Cricket, la recepcionista de Clayton, era una veinteañera esmirriada de belleza un tanto esquiva. Dependiendo de cómo le diese la luz podía valer la pena mirarla dos veces, pero normalmente, con aquel pelo castaño desangelado recogido en una apretada coleta de bibliotecaria, tenía la camaleónica virtud de fundirse con el papel pintado de la pared. Se recolocó las gafas de pasta sobre el puente de la nariz y cerró lo que estuviese haciendo en el ordenador.

—Siento hacerlo venir en domingo, señor, pero hemos pensado que le gustaría encargarse de esto cuanto antes. —Se levantó tras su escritorio y le tendió una carpeta.

—No pasa nada, Cricket. No es culpa suya —dijo Clayton, hojeando el dosier con la punta de un dedo—. Me he librado de ir a la iglesia con mis suegros, así que no me ha venido tan mal. Aunque pensaba salir a pescar un rato.

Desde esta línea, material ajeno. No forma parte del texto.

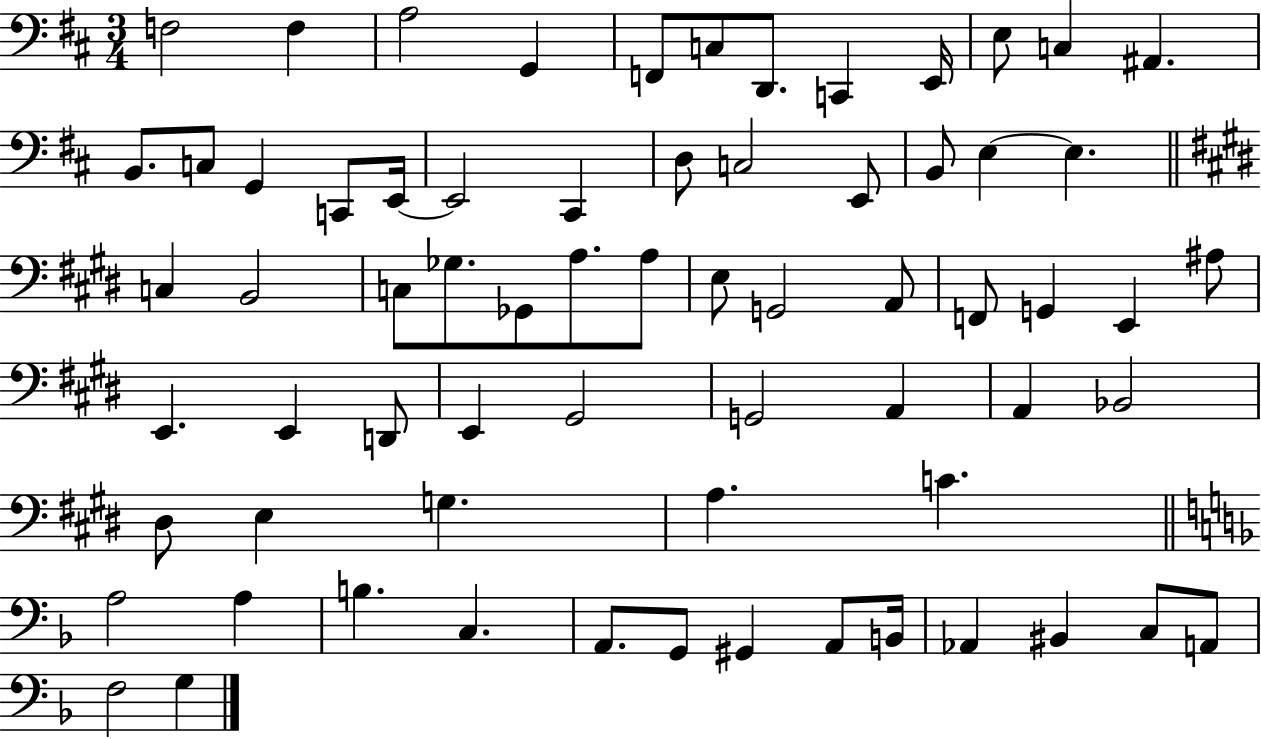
F3/h F3/q A3/h G2/q F2/e C3/e D2/e. C2/q E2/s E3/e C3/q A#2/q. B2/e. C3/e G2/q C2/e E2/s E2/h C#2/q D3/e C3/h E2/e B2/e E3/q E3/q. C3/q B2/h C3/e Gb3/e. Gb2/e A3/e. A3/e E3/e G2/h A2/e F2/e G2/q E2/q A#3/e E2/q. E2/q D2/e E2/q G#2/h G2/h A2/q A2/q Bb2/h D#3/e E3/q G3/q. A3/q. C4/q. A3/h A3/q B3/q. C3/q. A2/e. G2/e G#2/q A2/e B2/s Ab2/q BIS2/q C3/e A2/e F3/h G3/q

Cricket fue al grano, como de costumbre.

—Tenemos a nuestro invitado en la celda uno.

Se dirigió hacia un corto pasillo que conducía a los dos pequeños calabozos, un par de celdas con apenas espacio para un catre y un inodoro en cada una.

—¿Y dónde está Choctaw?

—Esperándolo en su despacho.

Clayton echó un vistazo al pasillo y luego a la puerta de su despacho, planteándose qué quebradero de cabeza prefería padecer primero. Escogió lo malo conocido.

2

—Vale —dijo el sheriff, y le dio un sorbo al café—. Empieza por el principio.

Choctaw estaba derrumbado en una silla frente al escritorio del sheriff y se echó hacia atrás el sombrero. El ayudante tenía esa delgadez que hace que la piel parezca pegada a los huesos, y se retorcía en el asiento como un estudiante de Secundaria al que mandan a ver al director.

—Muy bien —dijo—. Hace un par de noches andaba por ahí con mi colega Chester. ¿Se acuerda de Chester? Estuvimos juntos en Irak. Llegó de Tennessee hace unas semanas, después de volver a casa del último viaje. Lo traje por aquí la primera vez que vino.

El sheriff asintió.

—Ya, me acuerdo de él.

—Guay. Pues, bueno, tenemos una coña entre nosotros de cuando reparábamos Humvees en el desierto…, en plan chorra, ¿no? Pues nada, la semana pasada voy y compro una muñeca hinchable de esas…

El sheriff levantó una mano.

—Alto ahí: ¿te refieres a un juguete sexual?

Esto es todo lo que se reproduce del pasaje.